The rest of the contenders likely will feel similar emotions. Nobody within six strokes of the lead owns a major title. Harman, in fact, missed the cut in all four majors in 2015. This is the 26-year-old Fleetwood’s second made cut in eight major starts – he tied for 27th in the 2015 U.S. Open at Chambers Bay – while Koepka, 27, owns three top 10s, including a tie for fourth in last year’s PGA Championship and in the 2014 U.S. Open at Pinehurst No. 2, the same championship in which Fowler was the runner-up.
“Well, it would change my life, I know that,” said Fleetwood, of England, vying to become the fifth European to win since 2010. “But, no, I've pictured winning the U.S. Open a lot of times before. Doing it all night is not going to help and not make any difference. It's just concentrate on each day as it comes.”
They are all trying to continue a trend of first-time major champions, a streak of six that dates to the 2015 PGA Championship.
If they are frightened by the big stage, none have shown it through three rounds.

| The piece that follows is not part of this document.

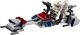 LEGO LEGO Star Wars 7655 - Zestaw bojowy Clone Troopers 3
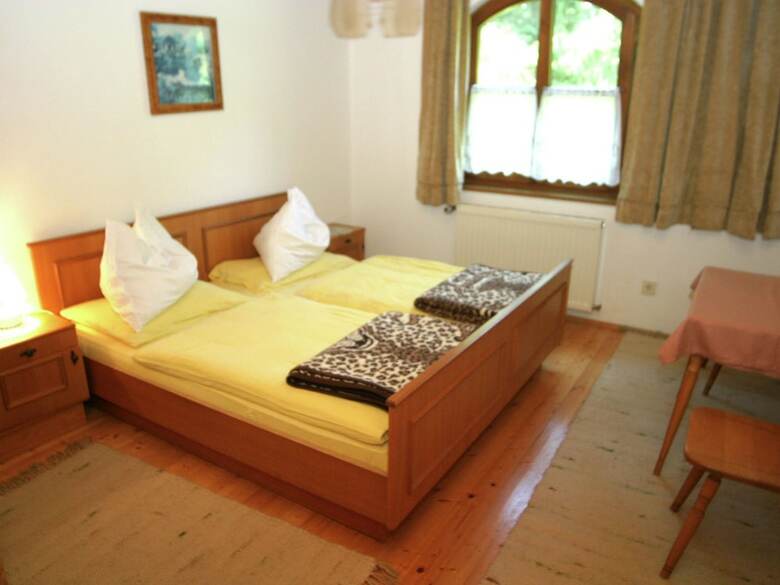 Cozy Cottage Near Ski Area In Ruden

When Harman missed just his fifth fairway of the championship on the par-4 17th hole on Saturday, he coolly chopped out of the fescue and wedged his third from 91 yards to 3 feet to save par. Fleetwood could have folded on the 18th hole when he faced a difficult uphill chip on his fifth shot. But he managed to make bogey when a much worse score was possible. He will play in Sunday’s penultimate pairing (2:46 p.m.) with Koepka for the second consecutive round.
Harman came into this championship not far removed from winning his second PGA Tour title at the Wells Fargo Championship in early May. That victory not only moved him inside the top 60 of the Official World Golf Ranking, earning him a U.S. Open exemption, it provided confidence going into the year’s second major.
“Obviously, I have no idea what tomorrow holds, but I’m more motivated by the way that I’m striking the ball,” said Harman. “It’s the best I’ve struck the ball in a long time. And my short game is pretty good. I’ve been putting it pretty good. So I’m excited about all those things.”